A word-for-word transcript of the closing lines is required: from the one with "this 700×400 image." through the final line of the data.

= Available records =
= = = = =

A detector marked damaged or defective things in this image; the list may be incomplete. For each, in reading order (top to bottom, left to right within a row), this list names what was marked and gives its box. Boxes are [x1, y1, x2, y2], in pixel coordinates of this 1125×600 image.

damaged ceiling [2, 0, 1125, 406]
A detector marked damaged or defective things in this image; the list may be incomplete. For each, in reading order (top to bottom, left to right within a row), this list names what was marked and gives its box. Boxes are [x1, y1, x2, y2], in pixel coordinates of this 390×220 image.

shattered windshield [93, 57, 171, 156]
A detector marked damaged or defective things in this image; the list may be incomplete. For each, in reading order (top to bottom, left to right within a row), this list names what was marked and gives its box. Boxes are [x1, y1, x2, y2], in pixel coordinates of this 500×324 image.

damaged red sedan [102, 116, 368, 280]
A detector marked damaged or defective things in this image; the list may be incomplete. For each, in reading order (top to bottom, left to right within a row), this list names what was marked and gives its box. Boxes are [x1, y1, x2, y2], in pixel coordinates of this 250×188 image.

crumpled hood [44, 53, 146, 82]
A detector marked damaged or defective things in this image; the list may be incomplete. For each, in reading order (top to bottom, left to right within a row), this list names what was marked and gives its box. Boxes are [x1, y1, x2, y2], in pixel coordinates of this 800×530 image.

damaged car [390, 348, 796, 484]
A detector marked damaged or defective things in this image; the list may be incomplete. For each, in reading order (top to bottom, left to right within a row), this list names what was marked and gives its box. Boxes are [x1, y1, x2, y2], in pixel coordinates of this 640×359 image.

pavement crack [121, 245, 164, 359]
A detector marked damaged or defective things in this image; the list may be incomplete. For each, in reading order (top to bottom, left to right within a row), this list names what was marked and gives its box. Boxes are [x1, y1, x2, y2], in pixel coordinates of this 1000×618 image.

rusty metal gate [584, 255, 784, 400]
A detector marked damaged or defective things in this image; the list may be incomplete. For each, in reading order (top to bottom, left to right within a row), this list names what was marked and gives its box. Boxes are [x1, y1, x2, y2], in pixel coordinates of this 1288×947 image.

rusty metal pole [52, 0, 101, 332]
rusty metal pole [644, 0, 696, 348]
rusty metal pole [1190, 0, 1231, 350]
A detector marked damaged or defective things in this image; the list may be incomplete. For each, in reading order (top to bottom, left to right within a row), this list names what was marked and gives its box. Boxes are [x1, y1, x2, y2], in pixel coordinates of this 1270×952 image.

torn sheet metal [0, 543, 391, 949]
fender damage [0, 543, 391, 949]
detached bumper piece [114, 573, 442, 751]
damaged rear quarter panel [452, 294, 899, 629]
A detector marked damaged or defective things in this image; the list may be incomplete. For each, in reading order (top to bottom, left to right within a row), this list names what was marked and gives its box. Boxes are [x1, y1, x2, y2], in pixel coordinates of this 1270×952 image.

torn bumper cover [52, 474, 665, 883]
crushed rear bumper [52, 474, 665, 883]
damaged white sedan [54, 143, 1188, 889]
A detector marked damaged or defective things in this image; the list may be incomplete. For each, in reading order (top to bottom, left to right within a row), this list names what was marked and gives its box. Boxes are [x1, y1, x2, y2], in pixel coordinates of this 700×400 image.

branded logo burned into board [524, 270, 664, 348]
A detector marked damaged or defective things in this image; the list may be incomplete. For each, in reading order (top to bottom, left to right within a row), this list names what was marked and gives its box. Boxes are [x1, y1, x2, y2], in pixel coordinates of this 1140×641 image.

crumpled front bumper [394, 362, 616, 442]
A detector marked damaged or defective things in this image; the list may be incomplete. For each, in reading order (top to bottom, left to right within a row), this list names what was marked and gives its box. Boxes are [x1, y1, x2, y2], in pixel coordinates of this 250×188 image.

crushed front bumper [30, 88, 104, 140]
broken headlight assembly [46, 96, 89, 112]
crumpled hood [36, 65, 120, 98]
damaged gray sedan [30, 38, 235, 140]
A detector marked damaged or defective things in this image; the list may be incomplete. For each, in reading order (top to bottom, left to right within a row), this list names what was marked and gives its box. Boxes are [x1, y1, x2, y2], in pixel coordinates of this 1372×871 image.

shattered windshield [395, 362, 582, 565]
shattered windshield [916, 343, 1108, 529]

= = = = =

= Task response =
A detector marked damaged or defective things in this image; the list may be incomplete. For each, in reading order (top to bottom, left to right within a row), this list names what was marked and gives its box. Boxes are [x1, y1, x2, y2], in pixel coordinates of this 700×400 image.

branded logo burned into board [524, 270, 664, 348]
A detector marked damaged or defective things in this image; the list may be incomplete. For each, in reading order (top to bottom, left to right within a row), this list names what was marked and gives its box. Boxes are [x1, y1, x2, y2], in pixel coordinates of this 1140×641 image.

crumpled front bumper [394, 362, 616, 442]
A detector marked damaged or defective things in this image; the list may be incomplete. For each, in reading order (top to bottom, left to right within a row), this list names what was marked and gives its box. Boxes are [x1, y1, x2, y2], in pixel coordinates of this 250×188 image.

crushed front bumper [30, 88, 104, 140]
broken headlight assembly [46, 96, 89, 112]
crumpled hood [36, 65, 120, 98]
damaged gray sedan [30, 38, 235, 140]
A detector marked damaged or defective things in this image; the list may be incomplete. For each, in reading order (top to bottom, left to right within a row), this list names what was marked and gives its box. Boxes are [x1, y1, x2, y2], in pixel coordinates of this 1372×871 image.

shattered windshield [395, 362, 582, 565]
shattered windshield [916, 343, 1108, 529]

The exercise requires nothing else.